Hendriksen wandte sich direkt an ihn. »Nicht wahr? Es weckt irgendwie verwandtschaftliche Gefühle bei uns Seeleuten.«
»Genau! Und wenn ich bedenke, wie viele uralte, leckende Frachter auf Weltreise geschickt wurden, um mit Mann und Maus unterzugehen, und wie anschließend von den Partenreedern hohe Versicherungssummen kassiert wurden, habe ich das Gefühl, dass sich diese Gesellschaftermodelle immer in irgendeiner Weise rentiert haben.«
»Bei uns war es nicht so!«, stieß Hendriksen verstimmt aus.
»In unserer Reederei auch nicht, soweit ich das Geschäft durchschaute«, versicherte Asmus in sanftmütigem Ton. »Aber Sie wissen, was ich meine.«
»Ja, natürlich«, versetzte Hendriksen widerstrebend. »Es gab etliche Schurken unter den Reedern.«
»Um Ihnen unser Problem konkret zu schildern«, fuhr Asmus fort, »wir haben zwar die schriftlichen Unterlagen der Koje vom Geschäftsführer Petersen erhalten, uns aber wegen der Dringlichkeit der Außenereignisse nicht lange damit beschäftigen können. Jetzt war Zeit dafür, und wir entdeckten, dass die Liste mit den Fangzahlen fehlt, von der wir zu dritt glauben, sie gesehen zu haben.«
»Interessant. Haben Sie in Ihrer Mannschaft etwa einen Saboteur?«
»Davon gehe ich nicht aus. Aber für jemanden, der sich mit unserem normalen Tagesablauf vertraut gemacht hat, wäre es nicht schwierig, aus der manchmal vollkommen unbesetzten und offenen Wache Unterlagen zu entwenden.«
»Da haben Sie aber viel Vertrauen in Menschen.«
»Richtig. Aber wer würde der Polizei schon vertrauen, wenn wir allen Leuten mit Misstrauen begegneten?«
»Da haben Sie natürlich recht. Sie möchten also von mir Zahlen haben.«
»Richtig. Nickels Petersen ist zum Festland gereist, für wie lange, wissen wir nicht, aber die Fangzahlen der Koje brauchen wir sofort. Und ich vermute in Ihnen den zuverlässigsten und einzigen unvoreingenommenen Teilhaber an der Koje.«
»Das kann ich Ihnen bestätigen. Die anderen Hauptinteressenten waren entweder Nachbarn oder Freunde von Petersen. Die Nebeninteressenten kenne ich gar nicht, aber die stellten ja jeweils den Schweif ihres Hauptinteressenten dar. Ich hole mal meine Unterlagen.« Der Kapitän verließ die Küche, schob nebenan hörbar eine Schieblade auf und raschelte mit Papier. Dann kam er mit einem Packen beschriebener Bögen zurück, die er in der Tischmitte deponierte.»Alle Fangzahlen der letzten Jahre«, erklärte er aufgeräumt.

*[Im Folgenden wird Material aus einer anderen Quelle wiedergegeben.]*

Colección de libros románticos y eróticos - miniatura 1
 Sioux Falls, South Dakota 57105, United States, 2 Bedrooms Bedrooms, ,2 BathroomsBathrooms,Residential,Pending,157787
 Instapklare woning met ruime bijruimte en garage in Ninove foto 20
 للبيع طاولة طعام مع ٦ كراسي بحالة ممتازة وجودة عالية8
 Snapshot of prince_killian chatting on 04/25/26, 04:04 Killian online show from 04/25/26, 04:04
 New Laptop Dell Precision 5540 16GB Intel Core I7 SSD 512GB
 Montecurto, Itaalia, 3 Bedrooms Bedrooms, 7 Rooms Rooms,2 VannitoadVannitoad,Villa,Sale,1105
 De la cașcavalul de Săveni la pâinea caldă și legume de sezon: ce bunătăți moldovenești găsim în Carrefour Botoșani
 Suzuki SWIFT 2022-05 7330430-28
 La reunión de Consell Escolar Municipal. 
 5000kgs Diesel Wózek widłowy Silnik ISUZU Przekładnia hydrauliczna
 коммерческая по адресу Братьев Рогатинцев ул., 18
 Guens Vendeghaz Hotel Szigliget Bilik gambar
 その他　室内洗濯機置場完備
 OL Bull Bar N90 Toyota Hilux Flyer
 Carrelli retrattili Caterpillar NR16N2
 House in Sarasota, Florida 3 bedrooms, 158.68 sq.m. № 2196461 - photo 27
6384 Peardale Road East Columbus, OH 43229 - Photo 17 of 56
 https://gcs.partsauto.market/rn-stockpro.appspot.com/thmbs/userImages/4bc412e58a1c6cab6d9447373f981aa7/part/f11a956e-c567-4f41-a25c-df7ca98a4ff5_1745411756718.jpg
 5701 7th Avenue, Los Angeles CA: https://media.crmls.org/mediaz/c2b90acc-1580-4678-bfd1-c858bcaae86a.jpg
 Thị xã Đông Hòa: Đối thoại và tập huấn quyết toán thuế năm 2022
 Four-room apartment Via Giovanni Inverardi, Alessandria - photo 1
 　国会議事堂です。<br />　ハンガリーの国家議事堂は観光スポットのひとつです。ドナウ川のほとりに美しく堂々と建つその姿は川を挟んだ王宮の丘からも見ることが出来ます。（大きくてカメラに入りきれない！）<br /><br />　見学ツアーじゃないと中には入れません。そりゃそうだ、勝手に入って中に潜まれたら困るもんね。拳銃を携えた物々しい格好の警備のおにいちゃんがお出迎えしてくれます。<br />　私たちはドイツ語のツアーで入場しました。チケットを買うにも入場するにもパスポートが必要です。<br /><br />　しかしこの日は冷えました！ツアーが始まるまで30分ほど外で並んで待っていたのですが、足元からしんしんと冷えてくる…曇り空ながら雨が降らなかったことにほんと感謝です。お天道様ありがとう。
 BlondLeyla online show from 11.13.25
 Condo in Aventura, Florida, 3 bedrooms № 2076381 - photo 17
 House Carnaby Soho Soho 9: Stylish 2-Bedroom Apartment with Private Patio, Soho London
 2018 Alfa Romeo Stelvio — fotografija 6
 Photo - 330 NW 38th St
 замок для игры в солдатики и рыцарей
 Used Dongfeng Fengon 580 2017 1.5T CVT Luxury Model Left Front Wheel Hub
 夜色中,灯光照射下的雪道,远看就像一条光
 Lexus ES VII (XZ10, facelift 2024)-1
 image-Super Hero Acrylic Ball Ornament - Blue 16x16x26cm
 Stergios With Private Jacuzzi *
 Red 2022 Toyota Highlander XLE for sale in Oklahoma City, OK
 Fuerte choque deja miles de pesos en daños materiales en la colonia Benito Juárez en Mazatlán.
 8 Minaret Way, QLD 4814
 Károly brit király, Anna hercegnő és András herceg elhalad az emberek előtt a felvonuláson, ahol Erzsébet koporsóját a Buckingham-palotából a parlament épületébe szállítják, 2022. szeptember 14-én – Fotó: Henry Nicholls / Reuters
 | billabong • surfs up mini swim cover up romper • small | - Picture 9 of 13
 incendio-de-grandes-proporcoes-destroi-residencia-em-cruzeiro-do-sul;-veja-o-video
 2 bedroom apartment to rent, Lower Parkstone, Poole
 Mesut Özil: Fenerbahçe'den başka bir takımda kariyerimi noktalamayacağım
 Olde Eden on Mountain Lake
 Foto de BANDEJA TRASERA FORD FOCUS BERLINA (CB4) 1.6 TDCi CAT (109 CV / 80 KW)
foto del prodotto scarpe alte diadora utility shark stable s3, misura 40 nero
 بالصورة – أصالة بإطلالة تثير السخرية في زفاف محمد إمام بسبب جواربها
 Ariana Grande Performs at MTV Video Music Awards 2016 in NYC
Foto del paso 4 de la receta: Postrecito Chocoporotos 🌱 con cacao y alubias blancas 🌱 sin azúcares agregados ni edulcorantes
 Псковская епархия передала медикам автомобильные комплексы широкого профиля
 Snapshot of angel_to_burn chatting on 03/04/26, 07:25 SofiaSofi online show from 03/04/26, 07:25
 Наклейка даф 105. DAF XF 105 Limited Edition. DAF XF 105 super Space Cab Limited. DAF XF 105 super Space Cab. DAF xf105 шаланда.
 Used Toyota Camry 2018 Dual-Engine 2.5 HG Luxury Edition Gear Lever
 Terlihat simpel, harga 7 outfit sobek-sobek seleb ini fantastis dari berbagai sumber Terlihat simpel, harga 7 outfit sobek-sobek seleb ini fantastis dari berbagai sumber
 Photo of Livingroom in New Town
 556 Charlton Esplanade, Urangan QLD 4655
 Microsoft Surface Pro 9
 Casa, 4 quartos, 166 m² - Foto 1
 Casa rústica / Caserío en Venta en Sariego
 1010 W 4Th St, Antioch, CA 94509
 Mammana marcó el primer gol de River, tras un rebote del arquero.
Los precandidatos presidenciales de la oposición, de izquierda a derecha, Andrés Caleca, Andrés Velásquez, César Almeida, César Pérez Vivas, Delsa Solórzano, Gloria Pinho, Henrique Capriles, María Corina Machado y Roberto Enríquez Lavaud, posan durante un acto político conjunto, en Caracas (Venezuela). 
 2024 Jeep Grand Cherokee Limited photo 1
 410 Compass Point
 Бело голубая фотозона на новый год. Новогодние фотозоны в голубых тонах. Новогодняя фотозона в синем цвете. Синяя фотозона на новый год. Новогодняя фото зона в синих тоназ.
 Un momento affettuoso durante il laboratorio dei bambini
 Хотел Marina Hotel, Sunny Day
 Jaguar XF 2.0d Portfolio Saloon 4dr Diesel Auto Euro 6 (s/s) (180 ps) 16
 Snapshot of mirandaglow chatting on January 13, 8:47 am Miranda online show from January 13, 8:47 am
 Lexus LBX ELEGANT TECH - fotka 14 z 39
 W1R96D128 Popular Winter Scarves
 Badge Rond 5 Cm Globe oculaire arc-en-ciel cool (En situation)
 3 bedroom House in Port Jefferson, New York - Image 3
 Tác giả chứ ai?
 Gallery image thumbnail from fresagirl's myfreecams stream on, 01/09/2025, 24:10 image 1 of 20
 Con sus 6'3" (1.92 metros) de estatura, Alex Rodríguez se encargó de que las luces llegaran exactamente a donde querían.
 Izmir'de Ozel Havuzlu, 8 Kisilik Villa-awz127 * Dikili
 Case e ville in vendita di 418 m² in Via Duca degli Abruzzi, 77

Matthiesen warf einen Blick darauf und blätterte kurz durch. »Nis, wir haben tatsächlich nur die Zahlen der letzten Saison bekommen«, meldete er. »Die der früheren Jahre nicht. Wenn unsere Liste von Petersen noch auftauchen sollte, können wir trotzdem gar keinen Vergleich anstellen.«
»Das wiederum ist sehr aufschlussreich«, stellte Asmus fest. »Vielleicht habe ich mich Petersen gegenüber aber auch nicht klar ausgedrückt, was ich haben will. Dann lassen Sie uns die Listen mal durchgehen, Käpten.«
»Ja.« Hendriksen zog den Packen an sich. »Dies sind die Zahlen ab 1914. Es sind die Zahl der Fangtage, die Fänge in der Saison insgesamt und der durchschnittliche Fang pro Tag aufgelistet. Was wollen Sie haben?«
»Den Gesamtfang pro Jahr«, entschied Asmus.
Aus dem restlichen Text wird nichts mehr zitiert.